While I was out Friday afternoon, I was able to stop by the nursing home to see my aunt and cousin. Part of me is very glad I was able to do that and then, there is a part of me that almost wishes my last memories of my aunt would not have included seeing her in the state she is in now. So weak that she could barely flicker one eye open for a second and even then, it is highly doubtful that she was able to focus her vision at all. I sat and held her hands in mine - first time I've done that where her hands were actually warm as the last couple of visits when I would hold her hands, they were as cold as blocks of ice. The nurse told me she had been given an injection for the pain shortly before I arrived so that would make her ability to try to rouse even more difficult too. I hope this doesn't sound cold and callous but you know, I have to pray that her passing will not be something just lingers on and on with her in so much pain, not knowing anyone around her either. She has endured so much already in her lifetime that I do hope the end is as peaceful for her as it possibly can be.

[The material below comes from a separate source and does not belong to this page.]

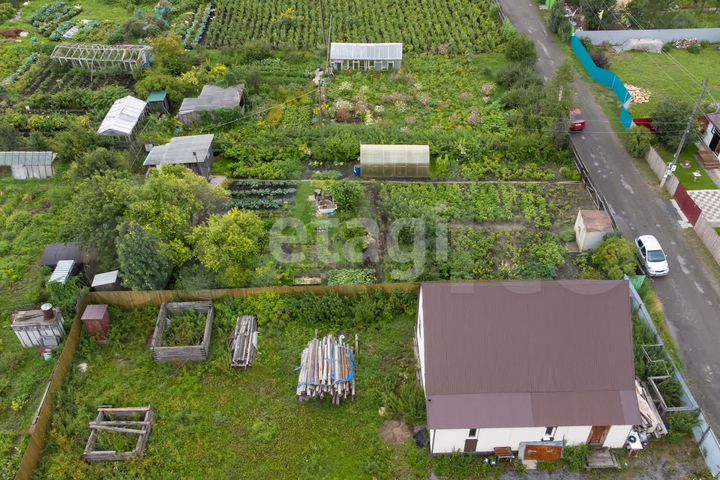 Дача 24 м² на участке 7,4 сот.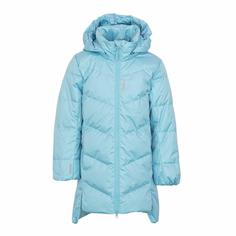 Пальто детское Котофей 07858010-40 цв.голубой р.116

My son-in-law had a busy day today - working on a van the guy he helps out part-time at the local used car sales lot had acquired took him almost all afternoon and most of the evening. Then he had to do some work on Mandy's car and finally, he had to take my van up and fix a tire on it that has been leaking for the past month or two. One his way home with my van, he had a run of bad luck in that three doors up from our house he hit a deer. When he came in and told me what happened, I asked him how badly the van fared in that collision and he said the front end is all covered with blood --but that there were no dents! He had come home to get the big flashlight and was going to walk up to the neighbors house and check around to see if the deer was mortally wounded and laying in one of the nearby yards some place. However, after he did that he came back empty handed so it may have made it away from the road and probably far enough that he wouldn't be able to find it in the dark -even with the flashlight. I think he was kind of thinking -and hoping -he'd be able to retrieve it and then clean and butcher it up thus filling our basement freezer with a good assortment of venison.

And that, my friends, is pretty much the extent of excitement that's been going on around my home today.